Demokrasi sendiri adalah sebuah kegaduhan karena memang dalam iklim demokrasi, suara-suara sumbang minoritas tidak bisa dibungkam oleh tirani kekuasaan. Tetapi, gerakan-gerakan yang mengancam kedaulatan dan keutuhan NKRI, kebinekaan, dan Pancasila memang harus dikikis sampai ke akar-akarnya.
Ketiga adalah kompetensi. Dalam hal ini adalah kompetensi untuk melakukan serangan balik terhadap lawan. Jokowi harus mampu menggandeng seluruh kekuatan nasionalis, demokratis, tradisional, bahkan intelijen untuk menyusun serangan balik terhadap lawan yang merongrong kewibawaan pemerintah dan keutuhan NKRI. Partai politik pendukung utama, seperti PDI Perjuangan, Nasdem, Hanura, dan PPP versi Djan Raridz, harus digalang untuk bersatu. Sementara Polri dan TNI harus diberdayakan agar berani mengambil tindakan tegas.
Saatnya Jokowi memberdayakan mayoritas seperti NU dan GP Ansor serta relawan lainnya untuk bersuara. Jokowi harus mampu merapatkan barisan pendukungnya, bahkan merombak formasi kekuatan. Singkirkan semua elemen yang tidak mendukung.
Untuk memperkuat kompetensinya, Jokowi harus tegas mengganti pejabat-pejabat yang tidak bisa mengikuti langgam dan irama orkestrasi yang dimainkan oleh Jokowi, baik anggota koalisi kabinet, pejabat Polri, TNI, Kejaksaan, maupun lembaga-lembaga di bawah Presiden, bahkan di BUMN. Pilih orang-orang yang memiliki ideologi yang sama agar menyatu menjadi satu kekuatan yang mampu memenangi pertempuran. Dalam pendekatan hypercompetition, kekuatan ini tidak selalu akan digunakan untuk pertempuran yang sesungguhnya, tetapi memberikan sinyal yang jelas agar lawan tidak sembarangan dalam menjalankan strateginya.
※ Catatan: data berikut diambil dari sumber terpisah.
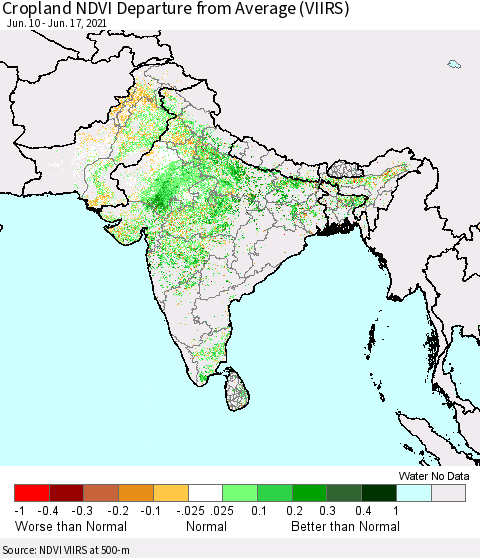 Southern Asia Cropland NDVI Departure from Average (VIIRS) Thematic Map For 6/10/2021 - 6/17/2021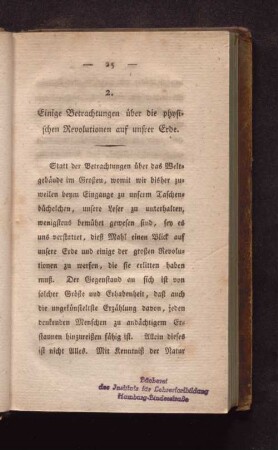 2. Einige Betrachtungen über die physischen Revolutionen auf unsrer Erde.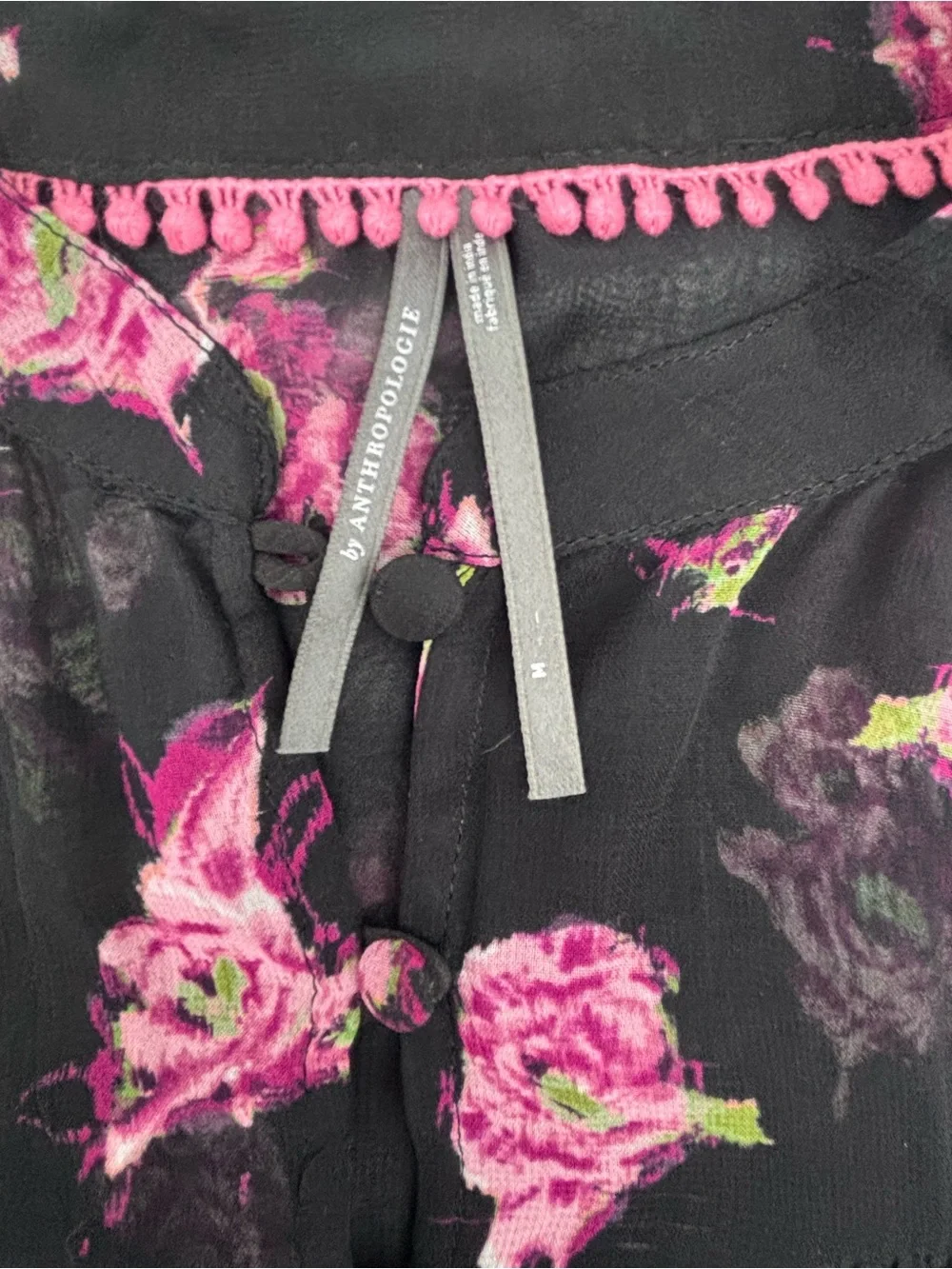 Anthropologie Black Floral Sheer Button-Front Blouse - Picture 2 of 11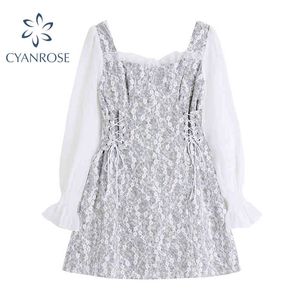 Vestido de cosecha vintage Mujeres Flare Manga larga Elegante Estampado floral Romántico Cintura alta Cordón Lace Up Slim Party Mini Frocks 210417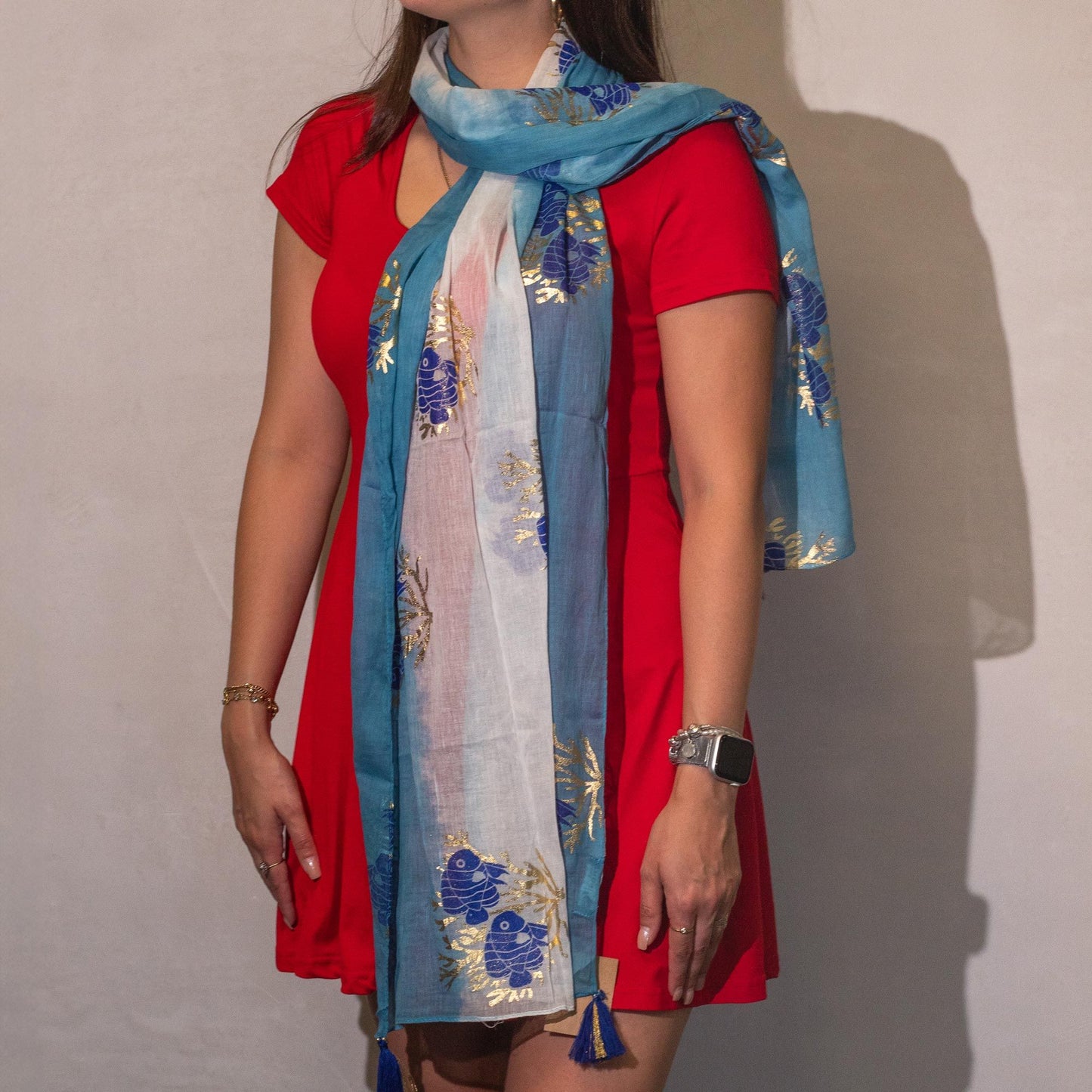 Nomad Sari Aqua Fish Scarf – Sea Blue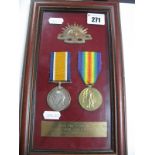 A WWI Medal Duo, comprising War Medal and Victory Medal. Plus cap badge to 6421 Pte T.Speak, 3rd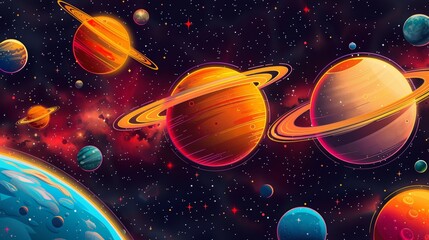 breathtaking view colorful galaxy dark space and planets set on dark background illustration, colorful planetary satellites on a black background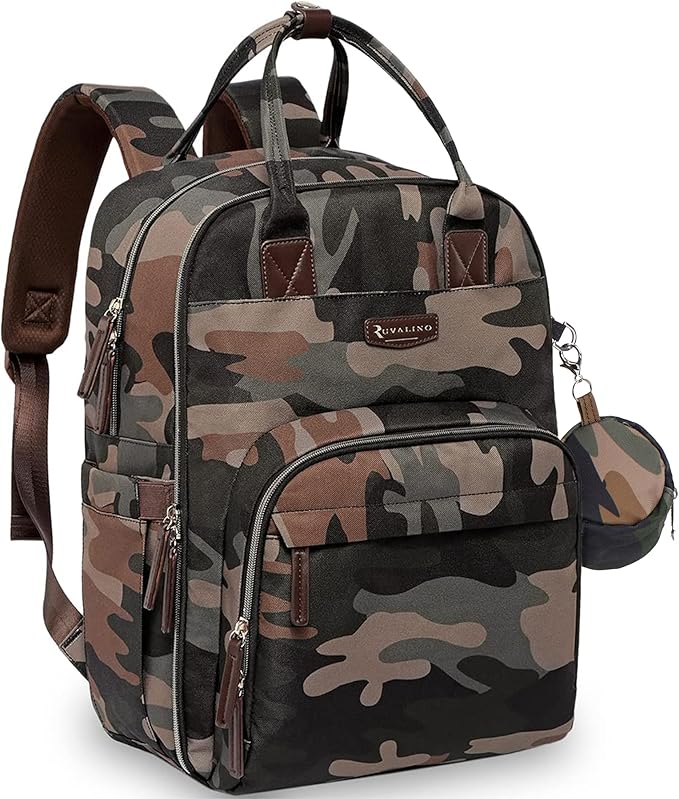RUVALINO Diaper Bag Backpack, Multifunction Travel Pack Maternity Baby Changing Bags, Large Capacity, Waterproof, Green Camo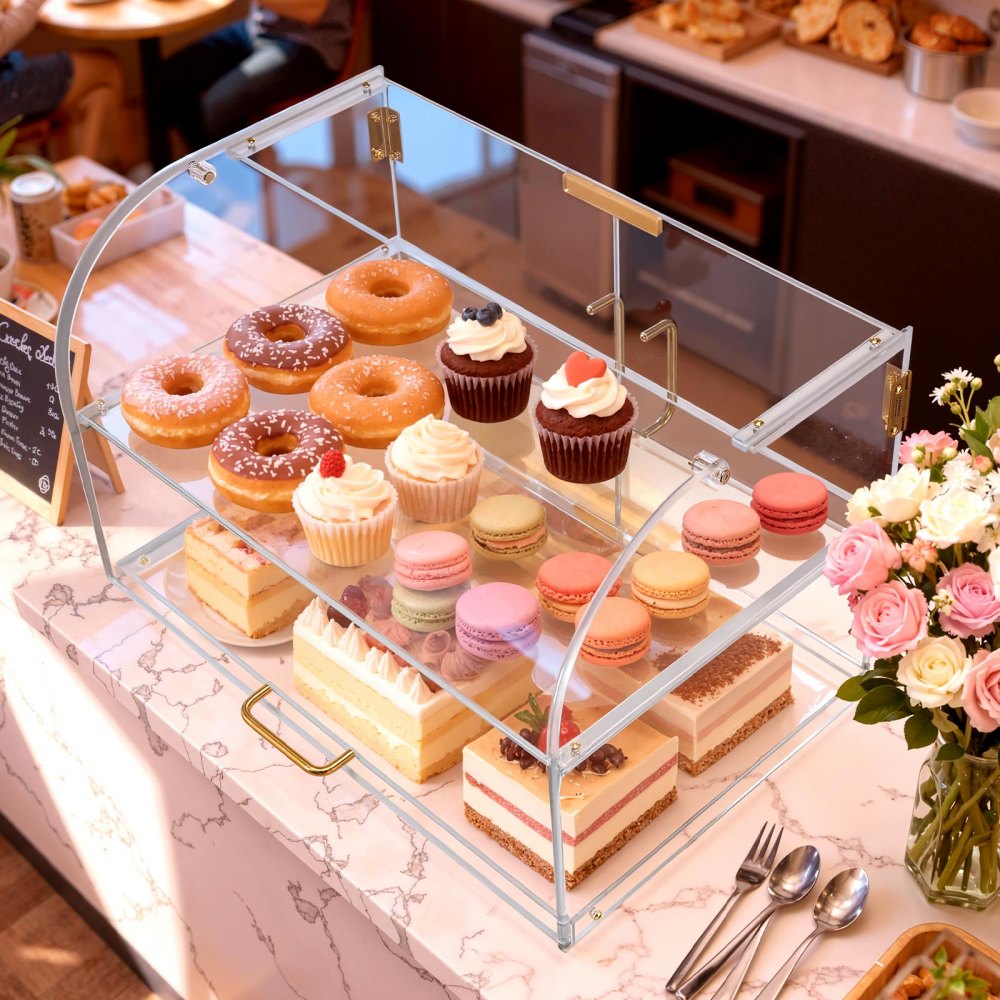 VEVOR Bakery Display Case, 2-Tier Commercial Countertop Pastry Display Case, Clear Acrylic Bread Box for Kitchen, Party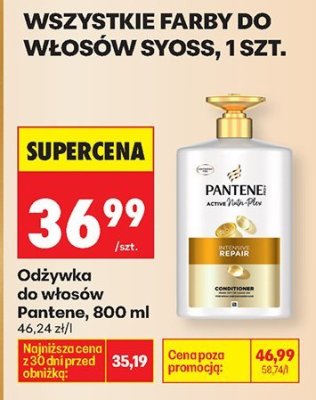 Odżywka do włosów Pantene, 800 ml promocja w Biedronka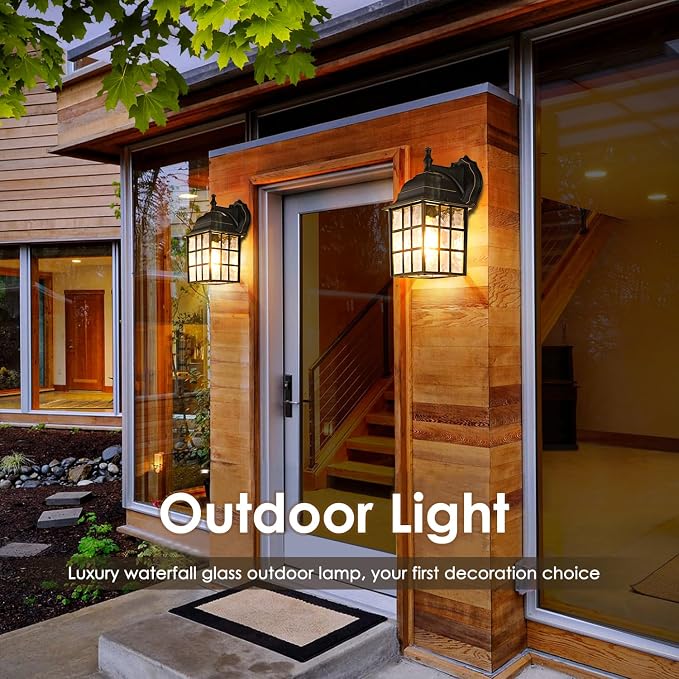 Dusk to Dawn Outdoor Wall Light Fixture, Waterproof Exterior Wall Lantern Porch - Image 6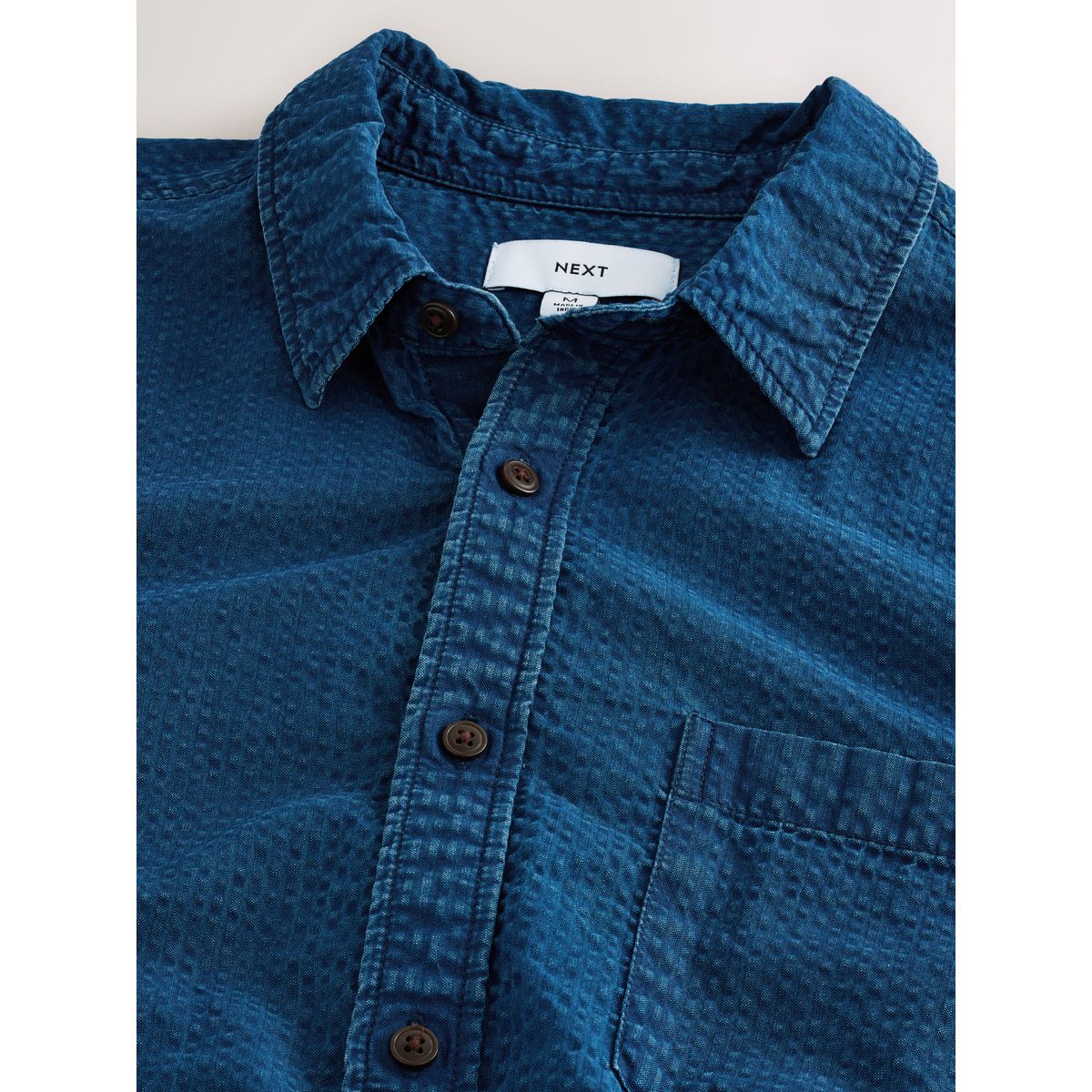 Chemise en denim seersucker à manches longues bleu indigo, NEXT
Ibarat menonton film laga yang seru, penonton saat ini geregetan, kapan lakonnya akan menyerang balik dan memenangi pertempuran. Adegan demi adegan berkepanjangan cuma berisi sang lakon yang bonyok dipukuli lawan. Penonton sudah mulai capai untuk membuat pembenaran, bahwa ini masih dalam ”skenario pak De”. Fenomena ”kekalahan” pada demo 411 masih bisa dimengerti sebagai ”strategi pak De”. Serangan balik lewat pengungkapan kasus makar menjelang demo 212 membuat rakyat bersorak walau hanya sesaat. Sesudah itu semuanya loyo kembali dan klimaksnya ditandai dengan hujan tangis yang mengiringi Ahok ketika digiring masuk ke rumah tahanan negara.
Kini rakyat menunggu kapan bisa bersorak dan bertepuk tangan sambil memekikkan kata ”Merdeka” melihat kompetensi pemerintah untuk menyerang balik. Kini saatnya Jokowi harus menunjukkan bahwa dia memang layak untuk diandalkan.
Waktu yang tersisa tidak banyak. Jangan sampai rakyat kehilangan asa, menjadi apatis terhadap Republik, atau bahkan berpikiran untuk menukar paspor hijau berlogo Garuda Pancasila. Merdeka....
Dr Harris Turino adalah Magister Manajemen Internasional Angkatan 10 dari Prasetiya Mulya Business School pada tahun 1998 dan Magister Science Ilmu Kepolisian pada tahun 2001; Doktor di Bidang Strategik Manajemen pada Program Pascasarjana Ilmu Manajemen Universitas Indonesia. Tulisan ini merupakan renungan pribadinya sebagai pendukung yang kecewa, tetapi masih menaruh harapan besar kepada Presiden Joko Widodo.